### What you have to do:
Dropping every picture, set down exactly the lines in the entries below, starting with the line with "To reorder a forum, simply" and going on through the line with "If the balance".

### Material to process:
---+---
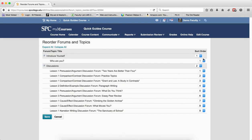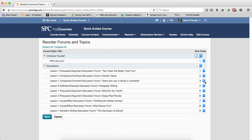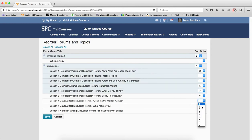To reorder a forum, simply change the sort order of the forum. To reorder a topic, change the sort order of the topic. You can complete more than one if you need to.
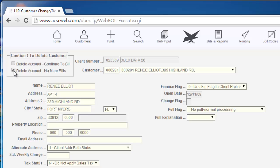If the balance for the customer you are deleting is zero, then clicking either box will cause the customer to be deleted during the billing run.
---+---
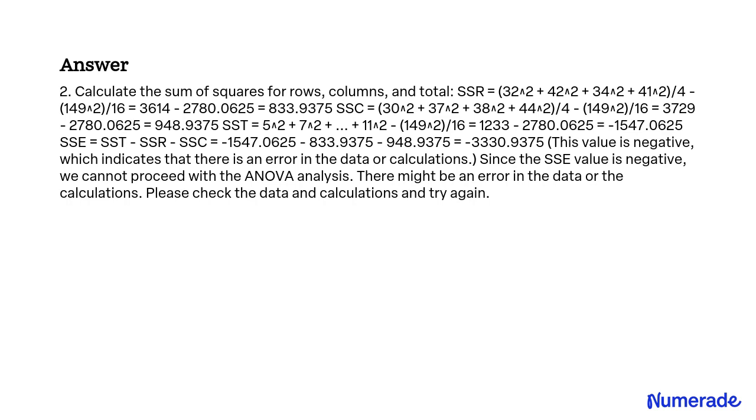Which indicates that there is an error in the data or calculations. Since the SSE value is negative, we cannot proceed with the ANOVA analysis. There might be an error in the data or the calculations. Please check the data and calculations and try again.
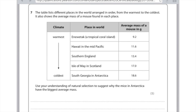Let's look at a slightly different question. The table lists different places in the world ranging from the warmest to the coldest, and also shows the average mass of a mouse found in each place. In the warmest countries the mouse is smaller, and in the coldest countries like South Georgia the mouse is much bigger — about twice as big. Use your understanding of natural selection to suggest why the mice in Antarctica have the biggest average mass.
---+---
### Answer box:
To reorder a forum, simply change the sort order of the forum. To reorder a topic, change the sort order of the topic. You can complete more than one if you need to.
If the balance for the customer you are deleting is zero, then clicking either box will cause the customer to be deleted during the billing run.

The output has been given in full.